[Common] Improved fused MoE aux loss kernel for large # of experts by denera · Pull Request #2758 · NVIDIA/TransformerEngine

denera · 2026-03-13T11:19:38Z

Description

Eliminates expensive cluster management API and minimizes number of atomic ops to optimize perf for larger number of experts.

TODO: Perf testing on all archs.

Type of change

Documentation change (change only to the documentation, either a fix or a new content)
Bug fix (non-breaking change which fixes an issue)
New feature (non-breaking change which adds functionality)
Breaking change (fix or feature that would cause existing functionality to not work as expected)
Infra/Build change
Code refactoring

Checklist:

I have read and followed the contributing guidelines
The functionality is complete
I have commented my code, particularly in hard-to-understand areas
I have made corresponding changes to the documentation
My changes generate no new warnings
I have added tests that prove my fix is effective or that my feature works
New and existing unit tests pass locally with my changes

greptile-apps · 2026-04-28T19:30:14Z

Greptile Summary

This PR replaces the cooperative-groups/cluster-launch based MoE aux-loss forward kernel with a simpler, architecture-agnostic multi-block atomicAdd approach that scales better to large expert counts without the overhead of cluster management APIs.

The new kernel has each CTA compute a partial dot-product of probs × tokens_per_expert, then atomically accumulate into a float buffer that is converted to the output dtype by a second single-thread kernel; C_coeff is precomputed on the host and stored at Coeff_buf[0] for the existing backward kernel to reuse.
The Coeff_buf allocation is correctly widened from 1 to 2 floats in all three binding layers (PyTorch router.cpp, JAX C++ router.cpp, and JAX Python router.py), and cudaMemsetAsync correctly zeroes only the accumulator slot before launch.
The total_num_tokens and topk arguments remain in the kernel signature but are now unused inside the body; these dead parameters may produce compiler warnings and should be removed.

Confidence Score: 5/5

The kernel rewrite is safe to merge: stream-ordering guarantees correct sequencing between the memset, forward kernel, and convert kernel; C_coeff is correctly preserved for the backward; and buffer sizes are consistently updated across all three binding layers.

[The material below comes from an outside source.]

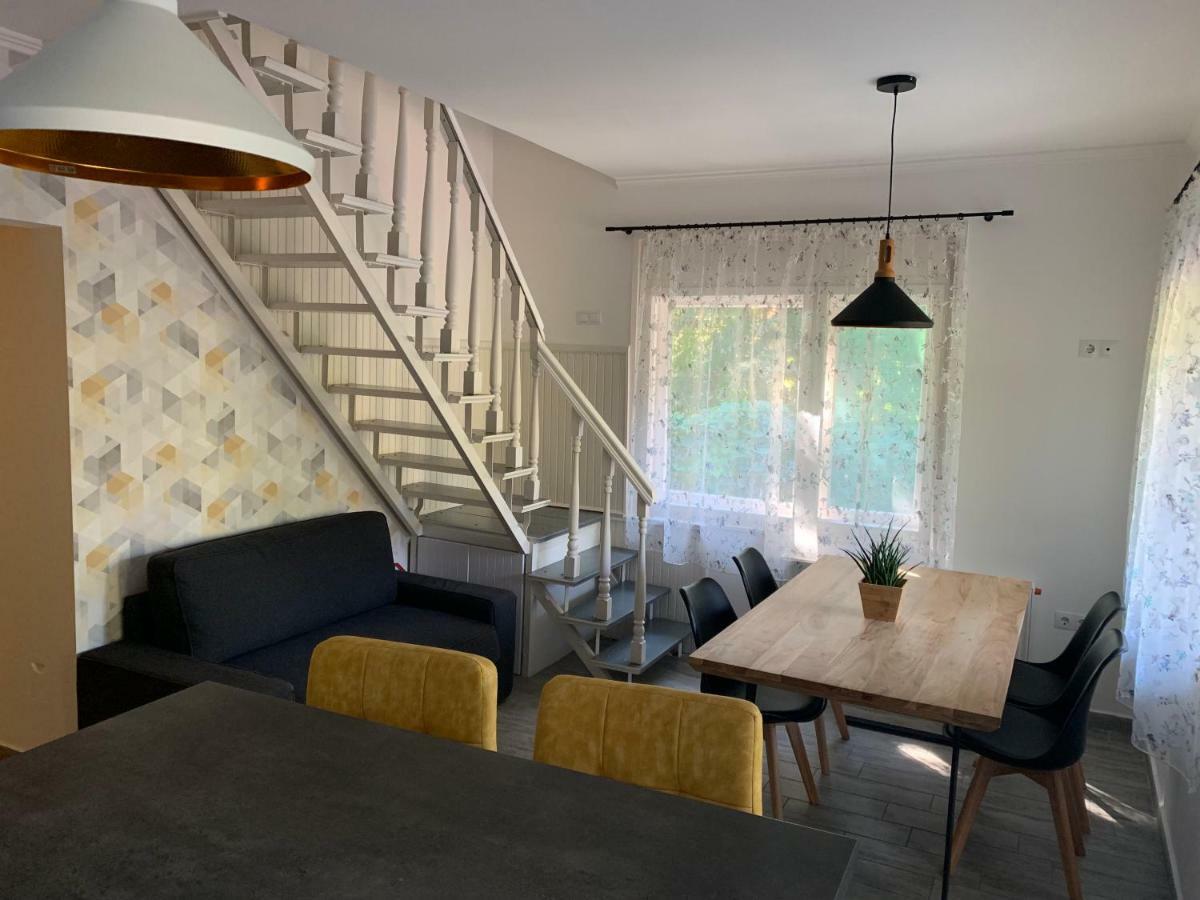 Csuka48 Apartman Szarvas Luaran gambar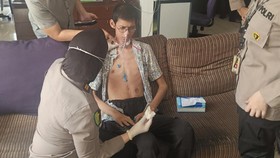 Sultan Korban Kabel Optik Jalani Operasi Pengangkatan Pita Suara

The multi-block atomicAdd pattern is well-formed — Coeff_buf[1] is zeroed before launch and only read by a subsequent kernel on the same stream, so no inter-block race can produce wrong results. Coeff_buf[0] is written once by block 0 thread 0 and read only by future backward kernel launches, safely ordered by CUDA stream semantics. The 2-float buffer allocation is correctly propagated through PyTorch, JAX C++, and JAX Python. The only finding is cosmetic: two now-dead kernel parameters that the compiler may warn about.

transformer_engine/common/fused_router/fused_moe_aux_loss.cu — dead total_num_tokens and topk kernel parameters worth cleaning up.

Important Files Changed

Filename	Overview
transformer_engine/common/fused_router/fused_moe_aux_loss.cu	Replaces cooperative-groups cluster launch with a simpler multi-block atomicAdd approach; correctly stores C_coeff at Coeff_buf[0] for the backward, zeroes Coeff_buf[1] before launch, and uses a separate tiny kernel to write the final aux_loss value. Contains dead kernel parameters (total_num_tokens, topk) that are precomputed by the launcher.
transformer_engine/pytorch/csrc/extensions/router.cpp	Const_buf correctly resized from scalar {} to {2} to accommodate both C_coeff at index 0 and the float accumulator at index 1.
transformer_engine/jax/cpp_extensions/router.py	Abstract shape for const_buf_aval updated from (1,) to (2,) to match the new 2-float kernel layout.
transformer_engine/jax/csrc/extensions/router.cpp	Forward and backward TensorWrapper shapes for const_buf updated from {1} to {2}; grad_aux_loss and aux_loss correctly remain {1}.

Sequence Diagram

sequenceDiagram
    participant Host as Host (launcher)
    participant Memset as cudaMemsetAsync
    participant FwdKernel as fwd_kernel (grid_size blocks)
    participant ConvKernel as convert_accum_to_output
    participant BwdKernel as bwd_kernel

    Host->>Host: compute C_coeff
    Host->>Memset: zero Coeff_buf[1] (stream)
    Memset-->>Host: enqueued
    Host->>FwdKernel: launch grid_size blocks (stream)
    Note over FwdKernel: block0/thread0: Coeff_buf[0] = C_coeff
    Note over FwdKernel: each CTA partial dot-product then atomicAdd Coeff_buf[1]
    FwdKernel-->>Host: kernel complete
    Host->>ConvKernel: launch 1x1 (stream)
    Note over ConvKernel: aux_loss[0] = Coeff_buf[1]
    ConvKernel-->>Host: done
    Note over BwdKernel: separate call reads Coeff_buf[0] as C_coeff
    BwdKernel->>BwdKernel: grad_probs = C_coeff times tokens_per_expert times grad_aux_loss

_{Reviews (12): Last reviewed commit: "[pre-commit.ci] auto fixes from pre-comm..." | Re-trigger Greptile}

greptile-apps · 2026-04-29T21:13:09Z

Want your agent to iterate on Greptile's feedback? Try greploops.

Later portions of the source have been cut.